Reproduce only this stretch of the listing below: from the line with "向太|向太邓文迪是亲姐妹吗？？身价百亿的豪门阔太们，竟然都长同一张脸..." through the line with "Csak az udvarára", exactly as written, with pictures excluded.

Provided records |

============

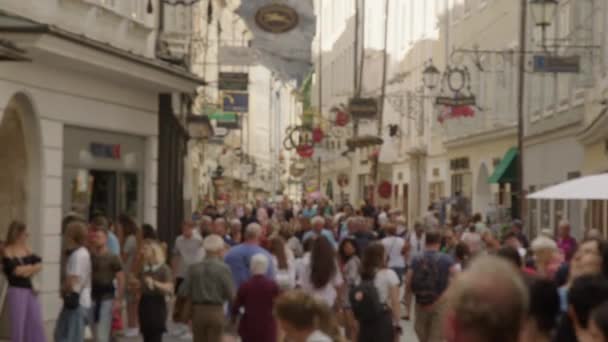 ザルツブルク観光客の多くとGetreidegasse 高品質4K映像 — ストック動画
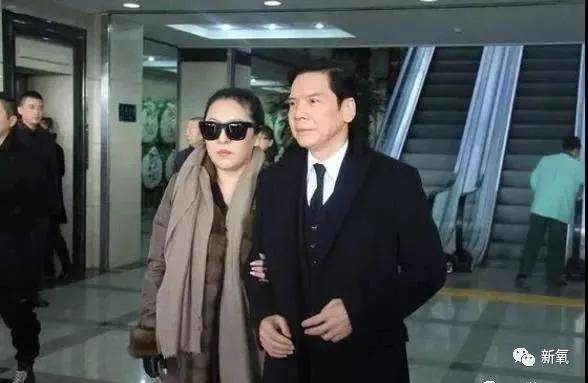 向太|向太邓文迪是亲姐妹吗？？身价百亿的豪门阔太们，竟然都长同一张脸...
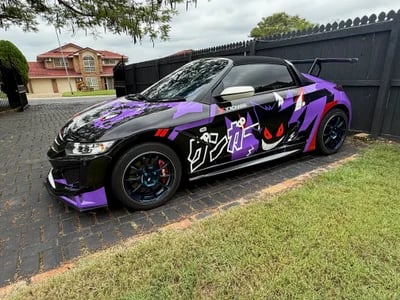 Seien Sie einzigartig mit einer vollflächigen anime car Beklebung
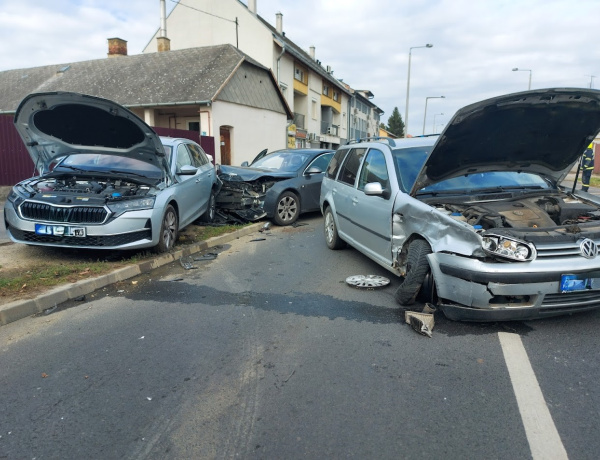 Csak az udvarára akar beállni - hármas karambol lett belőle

============

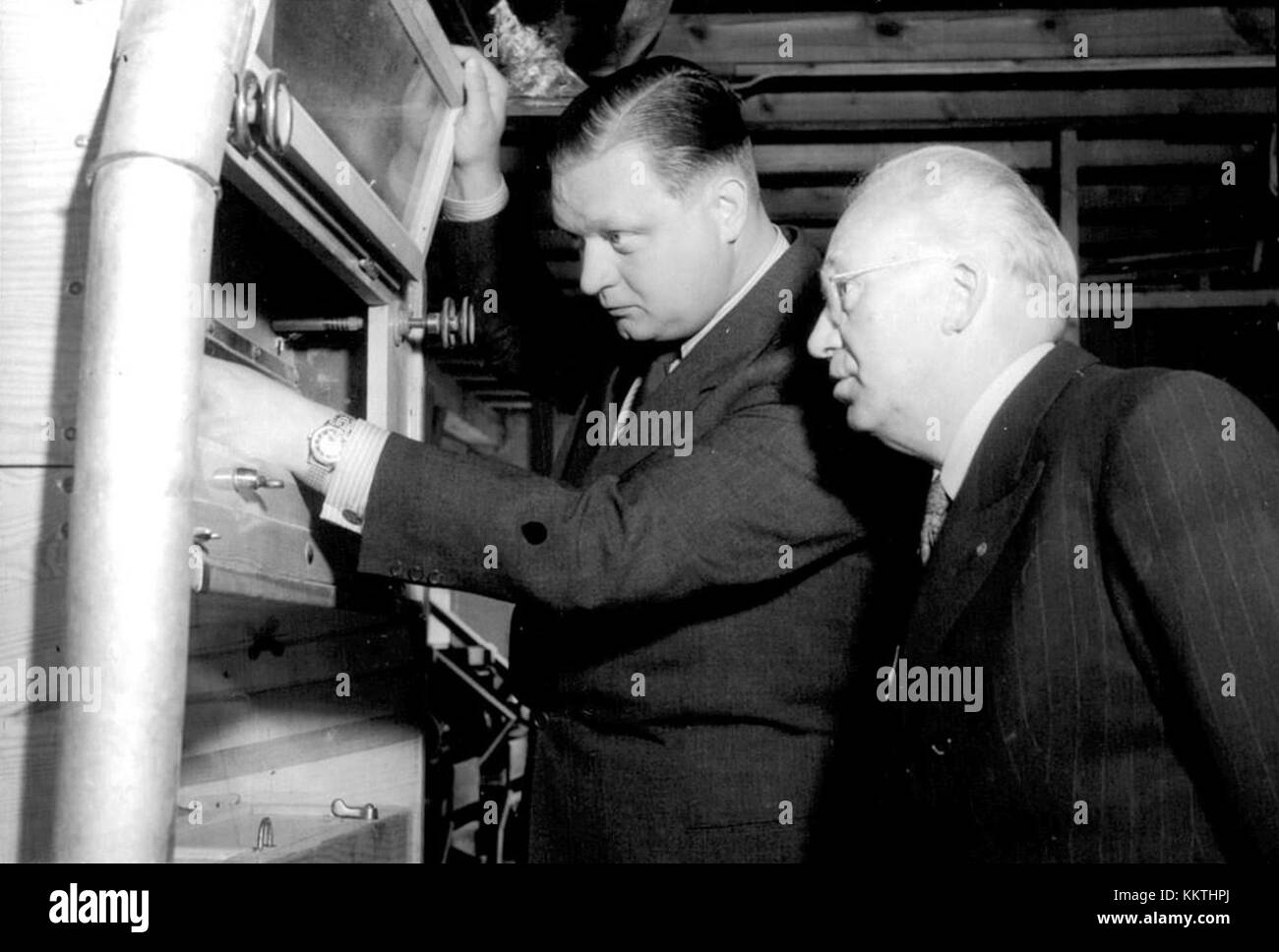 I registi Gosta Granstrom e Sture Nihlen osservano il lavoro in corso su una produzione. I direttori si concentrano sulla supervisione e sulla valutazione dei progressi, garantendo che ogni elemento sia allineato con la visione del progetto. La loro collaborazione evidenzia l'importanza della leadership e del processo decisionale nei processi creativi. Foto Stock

============

Solution to the problem |
 向太|向太邓文迪是亲姐妹吗？？身价百亿的豪门阔太们，竟然都长同一张脸...
 Seien Sie einzigartig mit einer vollflächigen anime car Beklebung
 Csak az udvarára akar beállni - hármas karambol lett belőle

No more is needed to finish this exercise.